Dentro del laberinto

Santo Tomás Apóstol

La antorcha olímpica ha salido de Grecia con el Tíbet en llamas, sin que la tregua que los Juegos traían consigo haya servido para calmar la represión ni las muertes que las autoridades chinas han negado. La llama oscilará, si todo sale como lo esperado y las medidas del Gobierno chino moderan los conflictos al precio que sea, en la cima del Everest.

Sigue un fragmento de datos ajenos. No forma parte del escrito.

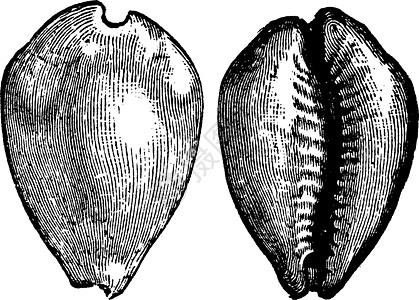 Cypraea 古代雕刻图片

No debería jugarse con los símbolos; que ese fuego de unión, de purificación, llegue sin problemas al punto más alto del mundo, como si nada ocurriera bajo esa cima, resulta casi tan cínico como las tenues protestas de los países que han elevado, tarde y mal, voces en contra. Con varios días de retraso, el papa Benedicto XVI se declaraba afligido en su corazón de padre por los sucesos del Tíbet. Puede resultar comprensible que el Vaticano, como muchos otros gobiernos, no deseen enturbiar sus relaciones con una China cada vez más asentada. Puede incluso que no encuentren conflictos a la hora de negociar con un gobierno no democrático; muchos países proveedores de España, de Europa, lo son. Sin embargo, me cuesta digerir la hipocresía de un corazón afligido sin más consecuencias ni repercusiones que la pena. Deberían ofrecerme razones más convincentes para que lo creyera.

Se ha hablado de la injusticia que para los deportistas supondría la suspensión o el boicot de los Juegos Olímpicos. Es un razonamiento típico de la sociedad contemporánea, ecologista, concienciada, solidaria y comprometida, siempre que serlo no les cause ningún tipo de molestia, ni de alteración en la rutina ni la comodidad adquirida. La ideología fluctúa, o se anula, cuando el daño que causa ser consecuente es mayor que el beneficio económico.

Nadie puede exigirle a un deportista que sienta o rechace un acto, aunque sea una agresión y una vulneración de los derechos humanos. Sin embargo, de los Gobiernos y las autoridades religiosa resulta obligado demandar una actitud ética, un posicionamiento que no avergüence a quienes les damos nombre.